Hughes Helicopters 369HS, VH-XAX

Although there were main rotor blade strike marks on the seaward face of the pulley block, there was no strike damage on the leading or trailing edges of the block. This evidence appeared consistent with the main rotor hub being forward of a line perpendicular to the seaward block face, and the main rotor blade leading edges impacting the block face at an angle of less than 90 degrees. The ship-facing block face had no evidence of main rotor blade strike damage, however it had sustained impact damage from the tail rotor assembly. Information provided by the pilot and the ship's witnesses indicated that the main rotor disc struck the block before the helicopter began rotating. The evidence was consistent with the main rotor blades hitting the seaward block face and, as a result of the impact, the helicopter rotated clockwise, and the tail rotor assembly then struck the ship-facing block face.

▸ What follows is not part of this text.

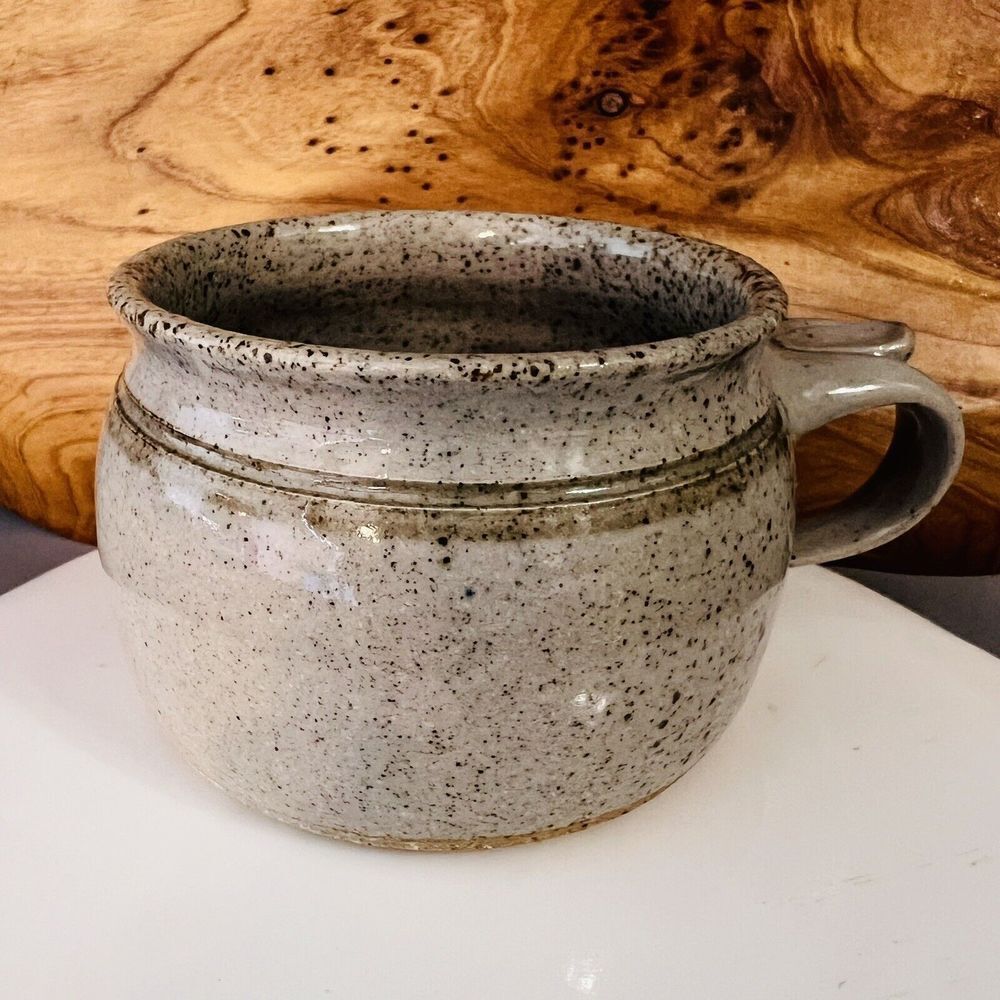 Vintage Signed DON 85 Salt Glazed Stoneware Studio Pottery Mug Handmade Grayish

Once one of the main rotor blades was damaged, it was probable that the main rotor system became unstable and its subsequent motion unpredictable due to the variables involved. A complete understanding of the relative movement between the helicopter and the pulley block requires accurate data on the motion of each object with respect to a known frame of reference. Both the ship and the helicopter were moving independently of each other. Although the speed and heading of the ship were reported, as was the sea swell, none of the information was calibrated or recorded to sufficiently fine tolerances. While the extent of the rolling and/or pitching motion of the ship was probably negligible, any movement would affect the variables in any calculation. As a consequence, the movements of the pulley block, as a result of the ship's rolling or pitching, or the influence of wind, could not be precisely determined.

These considerations, associated with the expected unstable behaviour of damaged main rotor blades, precluded an accurate assessment of the relative motion between the rotor disc and the pulley block. As a result, the strike marks on the pulley block provided insufficient physical information to reconcile the significant differences between the accounts of the ship's crew and that of the pilot. Determination of the attitude and position of the helicopter at the moment of collision was therefore not possible and any attempt to do so would be, at best, speculative. The investigation considered that, although the mathematical model proposed by the pilot and his advisors was possible, there was insufficient physical evidence to preclude other scenarios.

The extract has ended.